## DIRECTIONS
Below are entries with pictures in them. Output exactly the lines starting at the line with "Черные беспроводные наушники" and ending at the line with "Apartments Luxury Ad Jesenice Exterior foto", both included, but not the pictures.

## DATA IN THIS EXERCISE
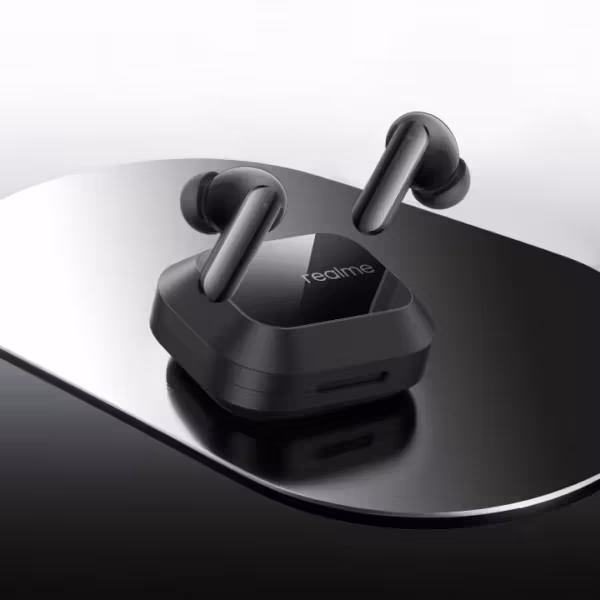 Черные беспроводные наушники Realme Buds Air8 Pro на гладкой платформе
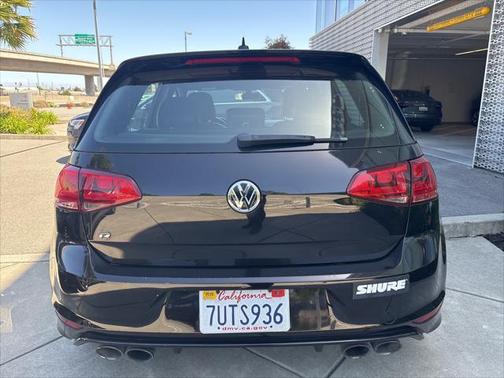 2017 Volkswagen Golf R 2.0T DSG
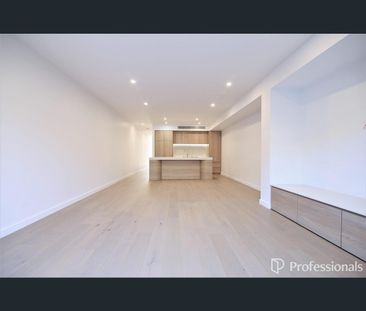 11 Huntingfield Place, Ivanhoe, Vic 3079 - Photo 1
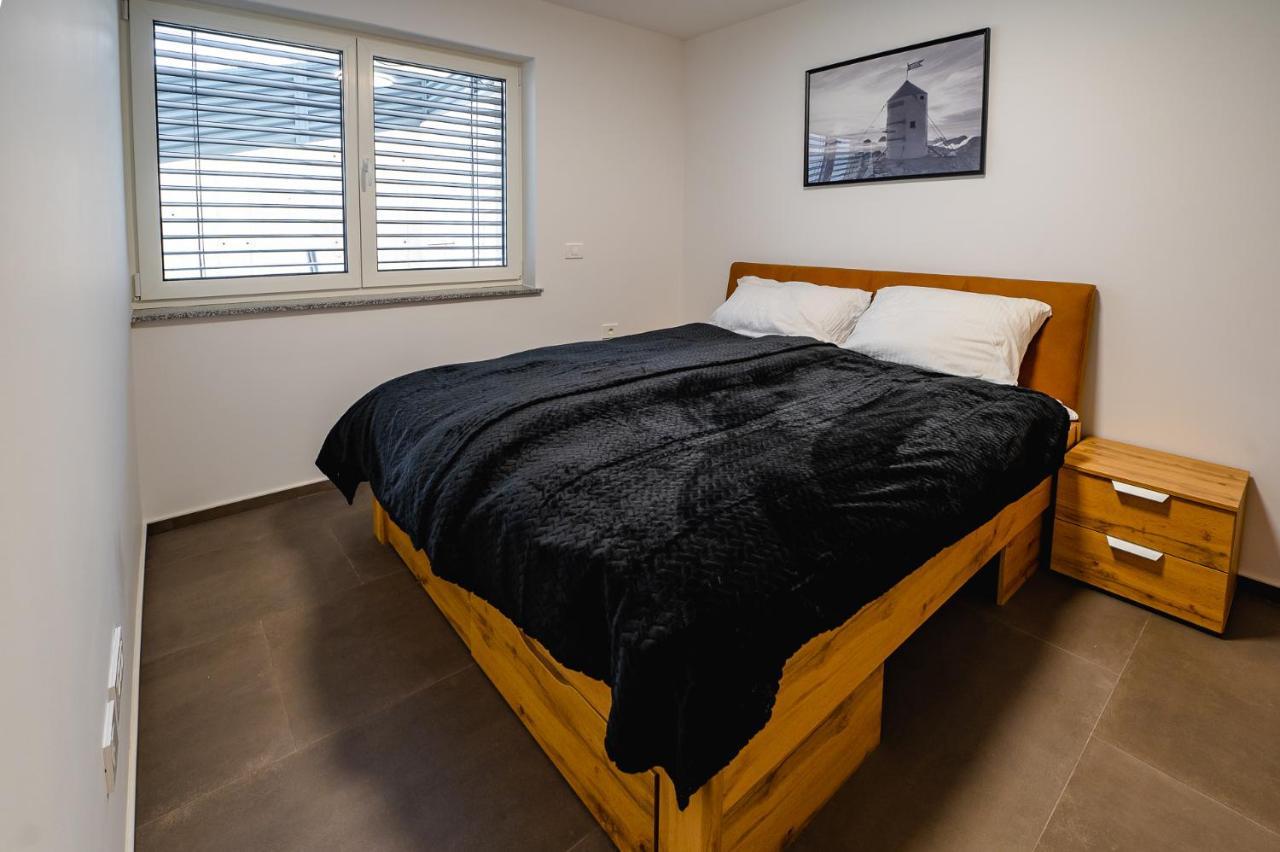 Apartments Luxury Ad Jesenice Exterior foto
* * *
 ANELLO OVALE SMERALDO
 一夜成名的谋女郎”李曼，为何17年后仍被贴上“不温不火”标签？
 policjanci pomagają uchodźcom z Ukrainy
...
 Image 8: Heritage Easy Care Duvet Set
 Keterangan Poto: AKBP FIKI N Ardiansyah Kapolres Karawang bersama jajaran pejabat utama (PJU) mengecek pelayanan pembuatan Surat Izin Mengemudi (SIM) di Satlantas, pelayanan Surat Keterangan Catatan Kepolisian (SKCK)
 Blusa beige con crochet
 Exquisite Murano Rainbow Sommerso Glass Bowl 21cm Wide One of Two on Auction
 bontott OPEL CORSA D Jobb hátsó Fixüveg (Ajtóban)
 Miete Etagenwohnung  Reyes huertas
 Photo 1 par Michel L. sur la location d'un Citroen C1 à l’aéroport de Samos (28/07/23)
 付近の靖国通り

## YOUR RESPONSE
 Черные беспроводные наушники Realme Buds Air8 Pro на гладкой платформе
 2017 Volkswagen Golf R 2.0T DSG
 11 Huntingfield Place, Ivanhoe, Vic 3079 - Photo 1
 Apartments Luxury Ad Jesenice Exterior foto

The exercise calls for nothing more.